The fourth quarter is expected to be a strong one for cable programmers, with analysts predicting a continued robust advertising market coupled with a 60% rise in retransmission-consent and reverse-compensation fees for top broadcasters.

Major cable programmers and broadcasters are expected to release their calendar fourth-quarter results in the next several weeks. Analysts are encouraged by what has been a strong market for both cable and broadcast advertising.

In a research report last week, Morgan Stanley media analysts Ben Swinburne predicted that national TV ads would grow at a 5% to 6% clip in the current quarter, with broadcasters benefitting from the upcoming Winter Olympic Games.
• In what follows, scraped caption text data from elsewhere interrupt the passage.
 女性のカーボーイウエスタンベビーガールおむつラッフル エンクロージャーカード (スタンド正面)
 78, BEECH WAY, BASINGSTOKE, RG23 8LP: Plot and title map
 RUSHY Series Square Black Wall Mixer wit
In addition, local TV ad revenue should grow in the high single digits, helped along by midterm elections.

“For all the concern that 4Q scatter softness is the beginning of the end, we note that 2013 ad spend growth on TV came in 250 basis points better than expected led by the broadcasters,” Swinburne wrote. “This, despite U.S. online video ad spending reaching $3 billion, up 30% year over year.”

He added that the robust growth is expected to continue, with mid-single digit advertising revenue growth for national TV in 2014, and online video revenue predicted to reach about $1 billion for the major TV networks for the full year.
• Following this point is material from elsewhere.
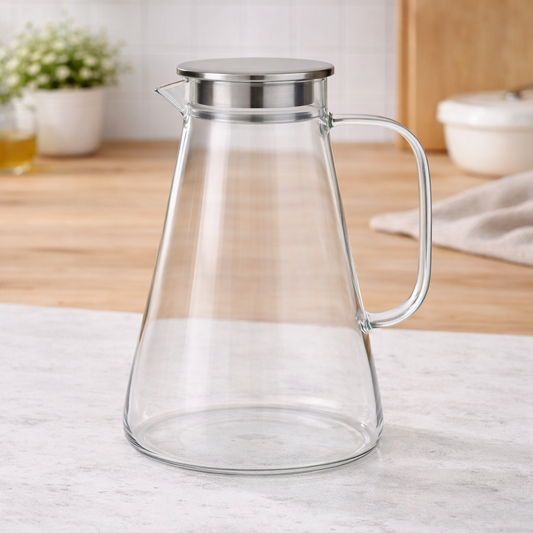 1Pc Transparent Glass Jug with Handle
On the cable network side, ISI Group media analysts Vijay Jayant and David Joyce wrote in a Jan. 21 research report that viewership for the quarter was flat on average — half of the top 10 networks were up and half were down in primetime ratings.

BROADCAST AD CHALLENGES

For the programmers most exposed to broadcast — CBS and Fox — there were challenges, the analysts wrote, as season-to-date network viewership fell 4% each, and their local TV stations had no political advertising spending to compare to 2012. That forced the analysts to revise their earlier estimates of mid-to-high-single-digit advertising growth down to the mid-single-digit range.

“That said, most of the stocks in the group should continue to work due to a solid macroeconomic backdrop, healthy capital returns and an improving international market for increased pay TV penetration and content sales,” Joyce and Jayant wrote.
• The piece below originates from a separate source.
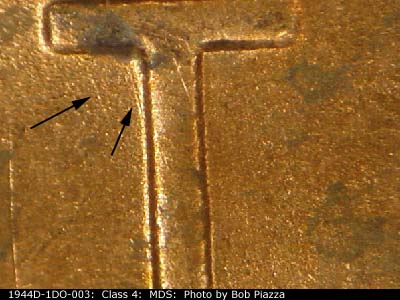 Die-stage B marker on 1944D•1DO•003 (1944 Doubled Die Obverse).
A bright spot for broadcasters continues to be retransmission consent, which is expected to continue its upward trajectory, according to Swinburne, despite threats to the model from potential consolidation among cable operators and over-the-top service Aereo. In a research note, Swinburne noted that even the largest multichannel video distributor — Comcast, with about 22 million customers across the country — is experiencing 10% content-cost growth.

As far as the future of Aereo, which should be decided by the U.S. Supreme Court in the coming months, Swinburne wrote that whether the service is determined to violate broadcast copyrights or not, the 1992 Cable Act “continues to require all regulated MVPDs to obtain retransmission consent to rebroadcast network signals.”

Swinburne estimated that retrans revenue will grow by about 60% on average in the calendar fourth quarter, with Fox leading the charge with an estimated 95% increase. The Walt Disney Co.’s ABC is expected to place second with a 64% increase and CBS, a pioneer in cash for retransmission consent, should rise by 10%. NBCUniversal, which has been late to the cash-for-retrans game, is not expected to have a material increase in fees in the fourth quarter, but that should change in 2014, when a flurry of renewals is expected to hike rates by 96% to 110% for the next four quarters.

AEREO AND RETRANS RISK

Jayant and Joyce however warned that an unfavorable Aereo ruling could put that retrans revenue at risk for some broadcasters, adding that it could lead to an abandonment of the broadcast model all together, especially for networks that have come to heavily depend on retrans. For example, Jayant and Joyce estimated that retrans accounted for about 11.7% of CBS’s total cash flow in 2013, but will make up almost 24% of total cash flow by the end of 2016.

“In short, if broadcasters lose this case, not only will the highly-viewed sporting events move to pay television, but many broadcasters could contemplate converting to a cable network,” the analysts wrote.

For the cable networks, Joyce and Jayant estimated that domestic ad growth would range from about 3% for Time Warner Inc. in the period to 8% for Scripps Networks Interactive. Affiliate-fee growth is expected to range from 8.7% for Time Warner to as much as 15% for Fox, according to Jayant and Joyce.

TAKEAWAY

Encouraged by a strong cable and broadcast ad market, analysts are optimistic about what Q4 holds for programmers.